The Soviet Union was once one of the world's leading shipbuilders that produced a million tons DWT each year. Its collapse has left 65 shipyards and docks, 100 specialized factories and engineering plants, scores of research centers and institutes, and a workforce of 200,000 - a huge but still severely underemployed sector - without state support and with really little work to do. In 15 post-Soviet years, the Russian civilian (merchant and passenger) fleet has shrunk 3.5 times, losing about 800 vessels, notably almost all refrigerated carriers and passenger vessels. Defense orders have fallen to 5% of the Soviet-era level.
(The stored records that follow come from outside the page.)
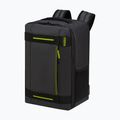 American Tourister Urban Track 14" 24 literes fekete / lime hátizsák 4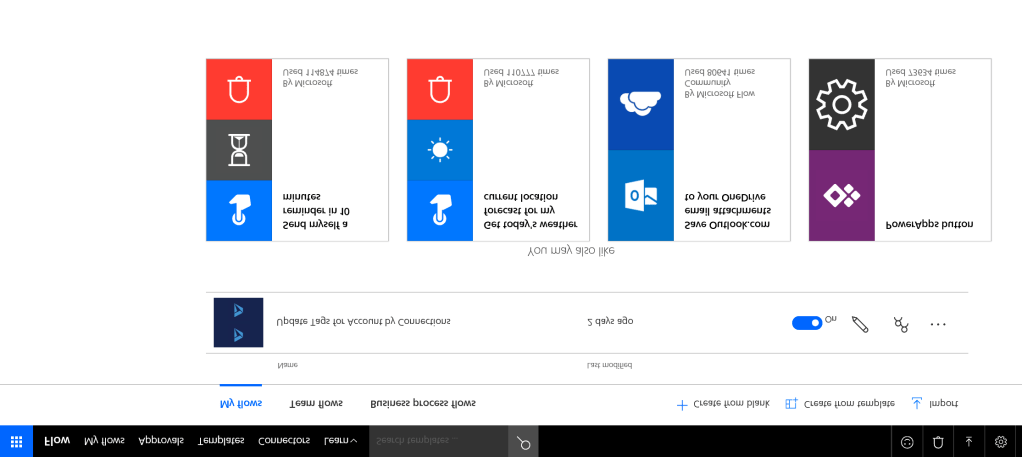 Flow: parent-child flows for a reusable&nbsp;logic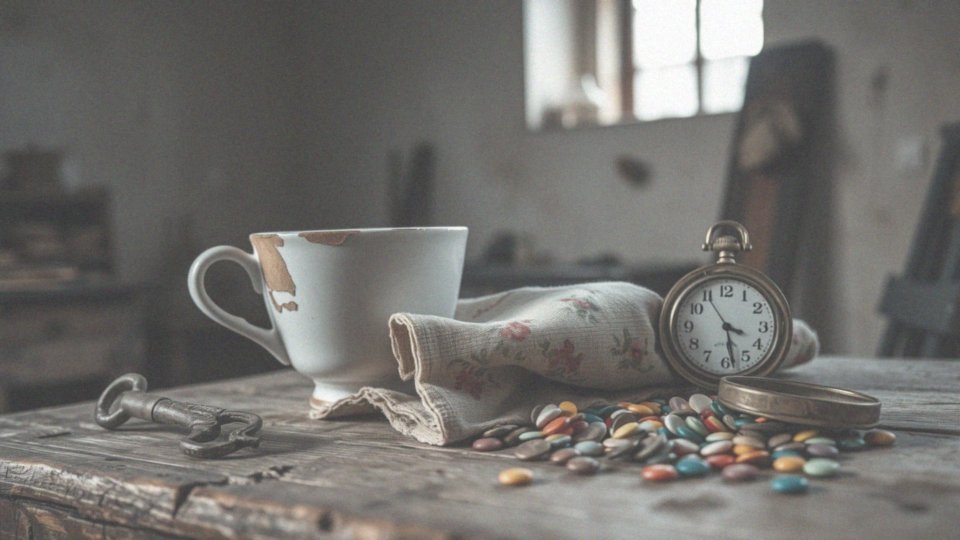 Jakie przedmioty codziennego użytku są używane w asamblażu?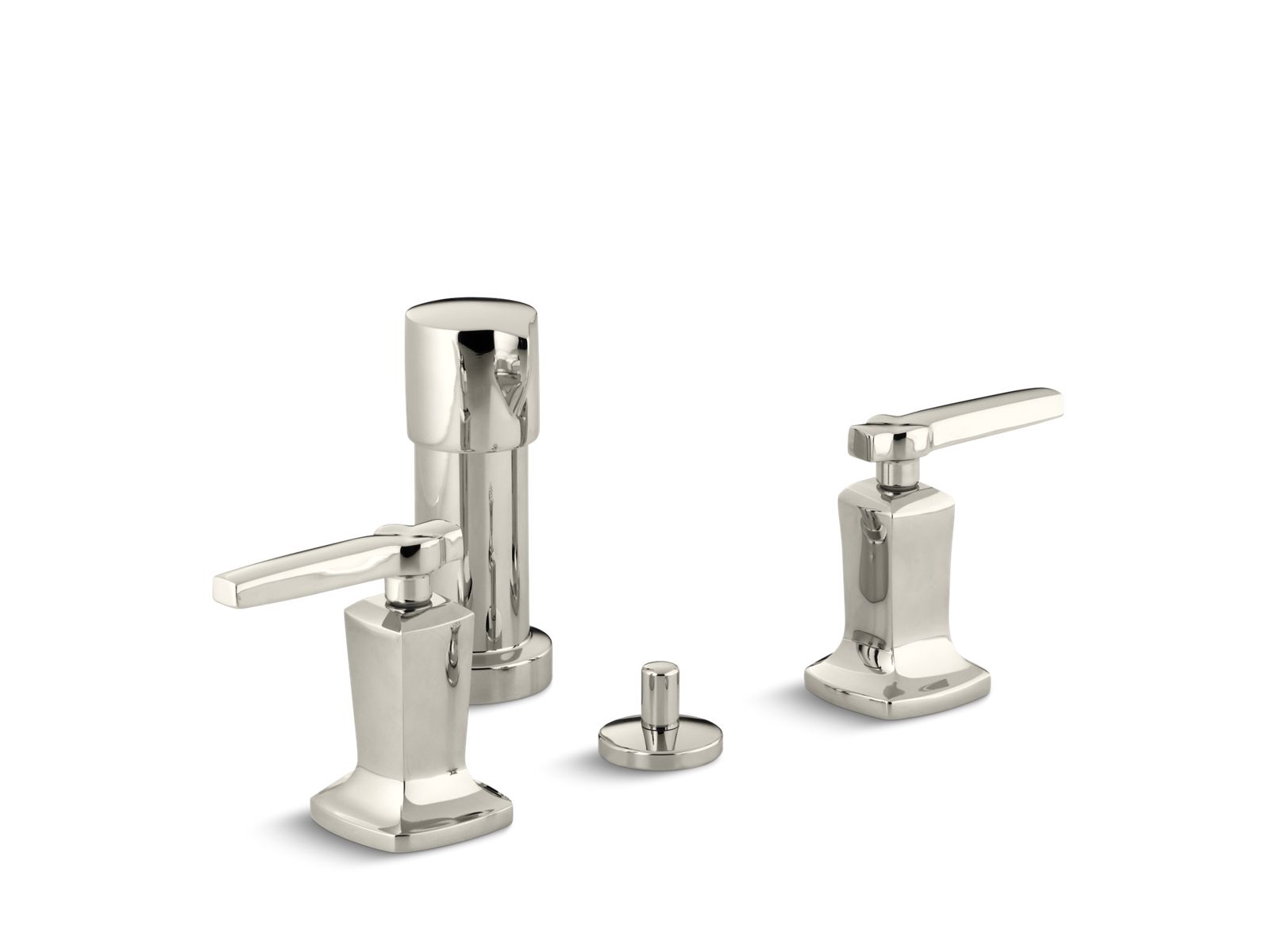 30714-margaux-vertical-spray-bidet-faucet-with-lever-handles-5.jpg Margaux® Vertical spray bidet faucet with lever handles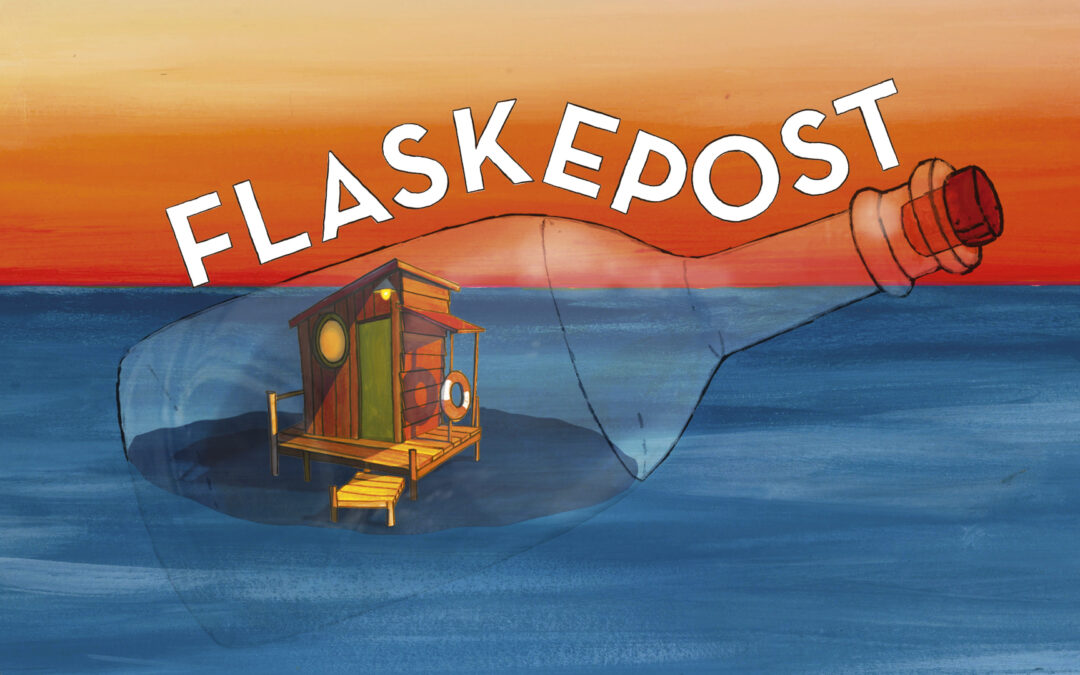Flaskepost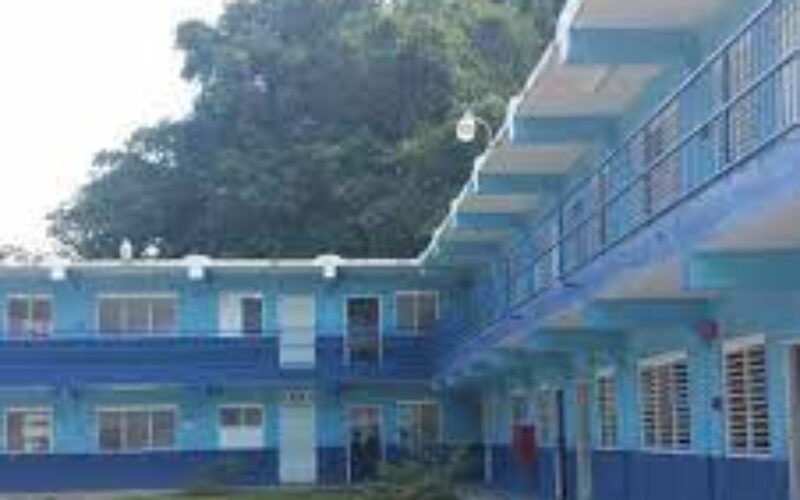 Classes going well at Ocho Rios Primary following health scare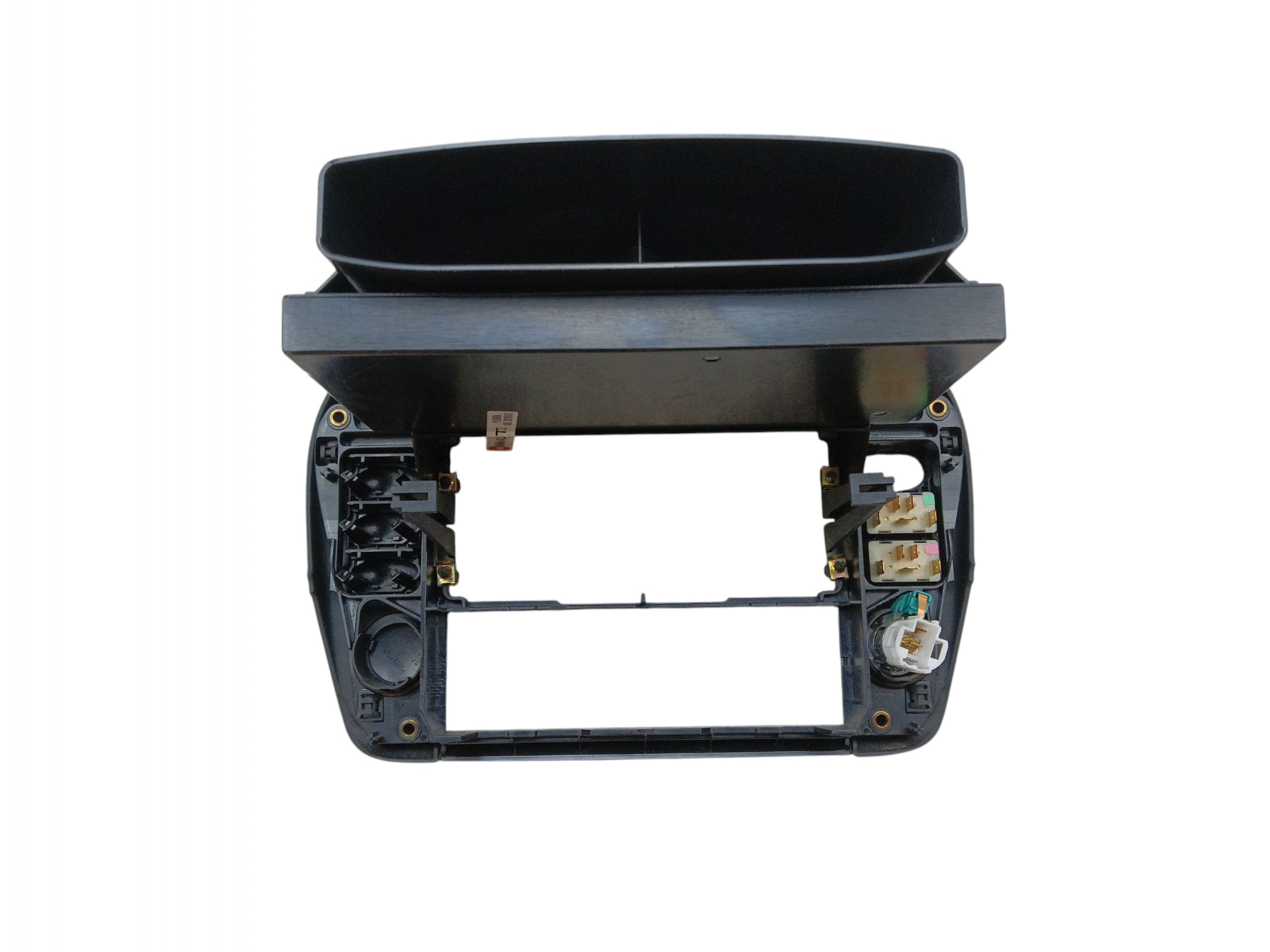 bracket for KUBEK CUPHOLDER frame consoles central PORSCHE BOXSTER and 986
In early 2003, Russia had 940 freighters (5 million tons DWT) on its records; however, most large ships (180 totaling 7 million tons DWT) were registered in other countries and in offshore states. Put together, these two figures listed Russia as 13th in the world by the displacement of its operational fleet, fueling a bitter debate whether this country actually needs to fight for global maritime leadership. Now that President Vladimir Putin has signed Russia's Maritime Doctrine 2020, the answer to this debate is conceptually yes. The doctrine makes maritime revival one of Russia's national priorities, focusing on measures designed to encourage national shipbuilding and create a favorable and competitive market environment for operators. Hopefully, this effort will be administered better than the previous two: the 1993-2000 doctrine, under which 589 vessels (8,427 million tons DWT) were to be imported largely failed, with only 25% of the vessels and only 5% of deadweight actually bought; under the 1996-2000 fishing development strategy, the state promised to provide fishing companies with 301 new vessels but only 14 finally became operational.
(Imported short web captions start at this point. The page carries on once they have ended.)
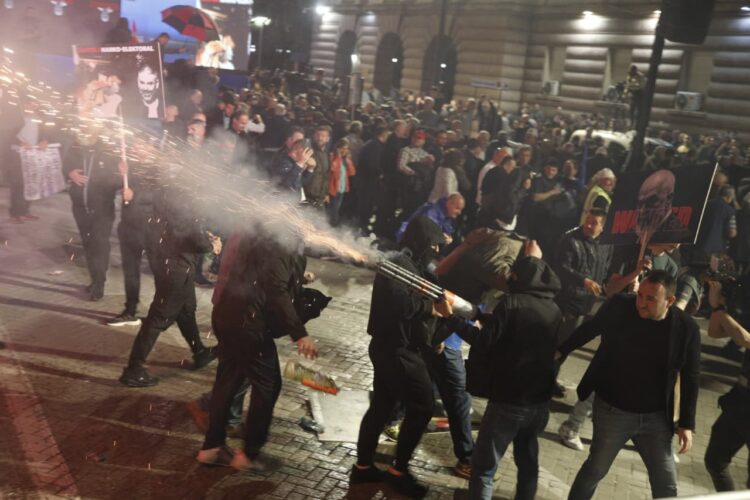 Vendim i fortë pas protestës së PD-s ë, 5 në burg dhe 6 në detyrim paraqitje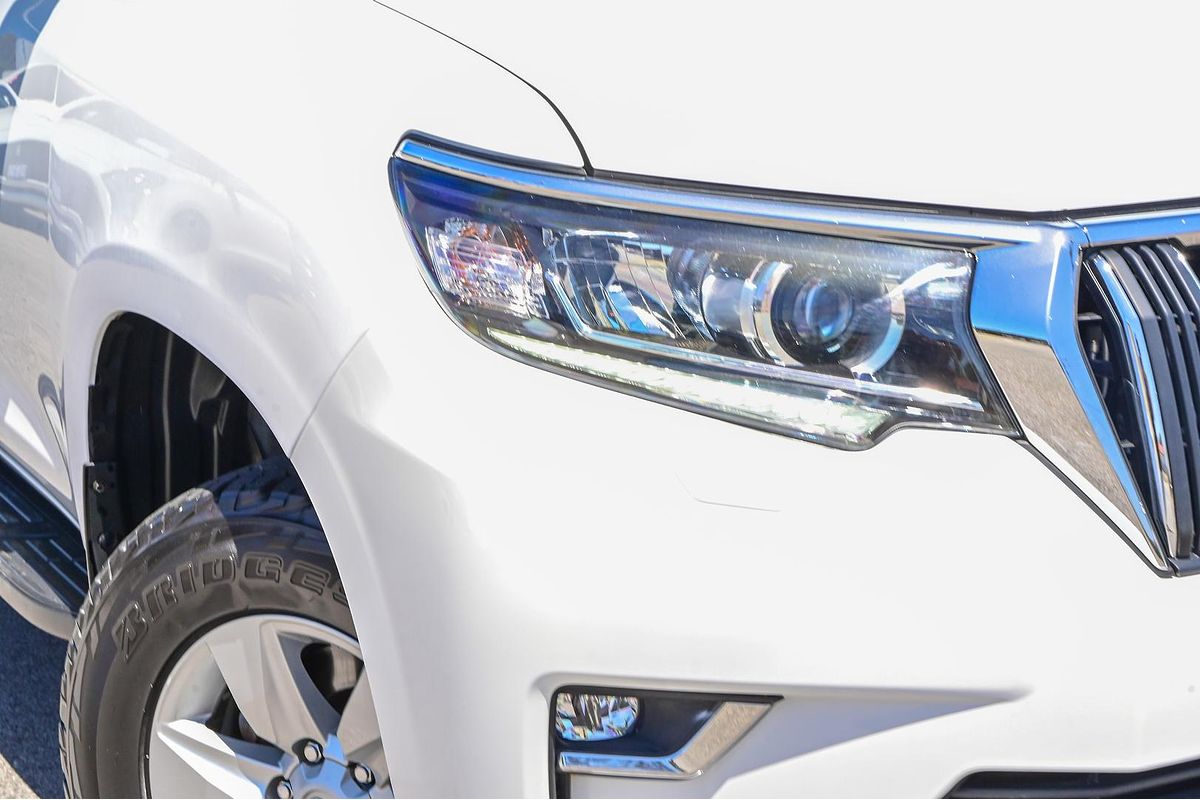 2023 Toyota Landcruiser Prado GXL GDJ150R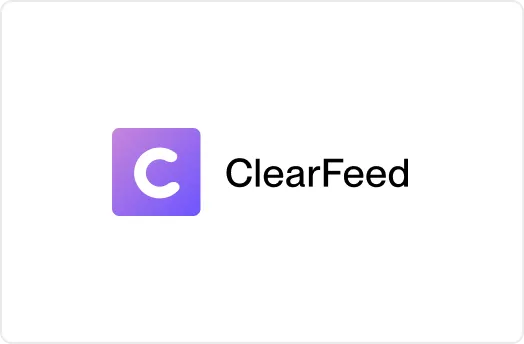 Career at clearfeed as an SDE INTERN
The shipbuilding commission will now help coordinate relevant business interests with state activities and shipbuilding with other sectors of the economy; promote modernization in the industry; work out proposals on priority projects and bills to improve the legal base; and shape a national maritime policy, part of which is support for national shipbuilding. Future ships will be built and those that are operational will be used as collateral with creditors - this is a well-established world practice. However, nine in ten newly built Russian ships have been financed internationally and therefore have to be registered in countries providing the highest safety and lowest tax risks (taxes range from 5% of total revenue in "owner-friendly" countries to 86% to 88% in Russia).
Whether the government will reverse this appalling difference that makes foreign freighters more competitive than Russian in the Russian cargo market remains to be seen. If it fails, operational and even future ships built in Russia will immediately go to other countries for registration. The doctrine, however, does not go far enough in protecting national operators. In the United States, for example, the government guarantees shipbuilders' loans for 87.5% of the total cost of a new vessel. As a result, such loans are repaid by installments that are extended up to 25 years.